Kemudian, pembangunan infrastruktur juga dilakukan dengan masif mulai dari jalan tol, bendungan, hingga kawasan industri baru yang menjadi fondasi pemerataan ekonomi. Sementara itu, kebijakan hilirisasi mineral memperlihatkan arah baru kemandirian nasional.

"Tidak berlebihan bila Bank Dunia menyebut Indonesia sebagai salah satu negara dengan policy resilience terbaik di kawasan (World Bank, 2023)," kata Pieter Zulkifli.

Pieter Zulkifli juga mengatakan semasa kepemimpinan Jokowi wibawa Indonesia meningkat di kancah global. Jokowi disebut tampil sebagai pemimpin Asia Tenggara yang berani berbicara lugas kepada kekuatan besar dunia, termasuk Amerika Serikat dan Tiongkok.

Dia bahkan menegaskan bila Jokowi menjadi satu-satunya pemimpin Asia yang berani melakukan misi perdamaian ke Kyiv dan Moskow ketika krisis Rusia-Ukraina memanas. Di tengah tekanan politik global, Jokowi disebut tidak gentar menegaskan bahwa Indonesia adalah bangsa yang merdeka dan berdaulat dalam mengambil sikap.

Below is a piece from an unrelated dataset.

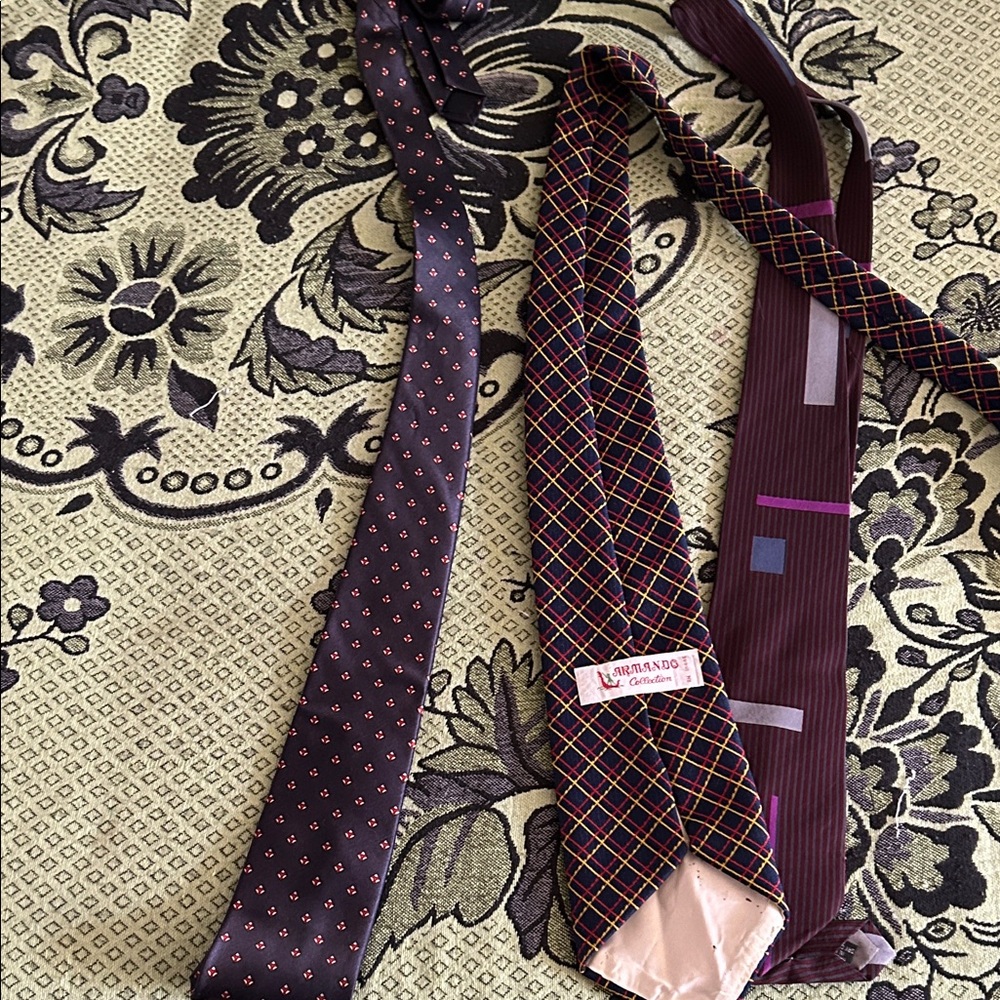 Luxurious Multicolor Tie Set by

Namun kini, kata dia, ketika masa jabatan telah usai, muncul gelombang fitnah baru yang diarahkan bukan hanya kepada Jokowi melainkan juga kepada keluarganya. Dari isu bisnis, relasi politik, hingga gosip pribadi, semuanya diorkestrasi dengan pola yang terukur.

Banyak pengamat menilai, ini bukan sekadar kritik, melainkan character assassination yang didesain untuk mematikan peluang politik keluarga Jokowi di 2029.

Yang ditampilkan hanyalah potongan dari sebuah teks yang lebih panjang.